I think he'll float it, he'll entertain it.
And maybe as you were saying, an 81, 82-year-old
Trump will indulge it, but it is legally, constitutionally frivolous.
Boys behaving badly in the House as well, not just Andy Ogles.
Not to accuse Andy Ogles of being the anonymous person in this case, but some House members
in the Republican conference are concerned that their texts to Cassidy
Hutchinson, which are allegedly inappropriate, lecherous, creepy, would get revealed if she
was subpoenaed.
And so in the Congress's effort, Brady Loudermilk's effort to relook at the January 6 investigation,
to investigate the investigators, a Washington Post story by Jackie Alamany yesterday says that their desire to subpoena Cassidy
Hutchison has run into some internal concerns.
They are thinking, maybe not a great idea to subpoena somebody if it might reveal that
multiple Republicans in Congress center inappropriate texts.
How gross are these guys, Tim?
Like, you know, it's funny, Gates,
Gates who's sort of like,
if you're going to talk about the Avengers,
he's like the Thor of grossness,
like, you know, arguably the most powerful,
the most gross of the gross ones.
But he always said, hey, I'm the tip of the iceberg.
And some of these guys who've been really identified
as being truly creepy have indicated,
well, I'm not the only one.
You saw that Mark, was it Markwayne Mullen saying,
who here, who wants to hear about all the adulterers?
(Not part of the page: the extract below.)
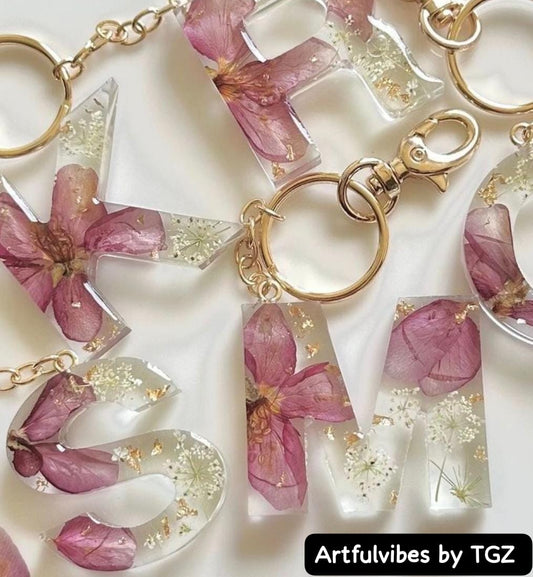 Resin Art Workshop by Rida (14/11/2025, 4:00 PM – 6:00 PM)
So there's this kind of tip of the iceberg feeling
that we have that some folks like a Matt Gaetz have been outed, but there's this kind of tip of the iceberg feeling that we have that some folks like a Matt Gaetz
have been outed, but there's a whole bunch of stuff lurking under the surface.
One of my first thoughts when I heard that story was, well, Cassidy released the text.
Then I realized, well, they might've been sent to her on a government phone that she
no longer has, right?
So maybe she can't.
Also, by the way, just on the Ga thing, if it was just Gates, I don't
think that would be limiting their investigation to Cassidy Hutchinson.
There's not a lot of love lost for old Matt Gates.
Right.
If they were just, if they were just worried about Matt Gates, I think they
would be, you know, full barrel ahead on Cassidy Hutchinson, because to me,
like the interesting thing about all this is I had been hearing Scuddle in
New York earlier this week from people who are like, you know, who are reporting on this stuff and in the know that Cassidy was really in their sights because
she was not part of the group that was preemptively pardoned. And there's a lot of personal animus
because she was a turncoat. Like they were seriously looking at her. And so I thought
it was interesting that I was hearing that around inauguration time. Then a couple of
days later, you have this Washington Post story that comes up that's like, oh, maybe not Gassity actually.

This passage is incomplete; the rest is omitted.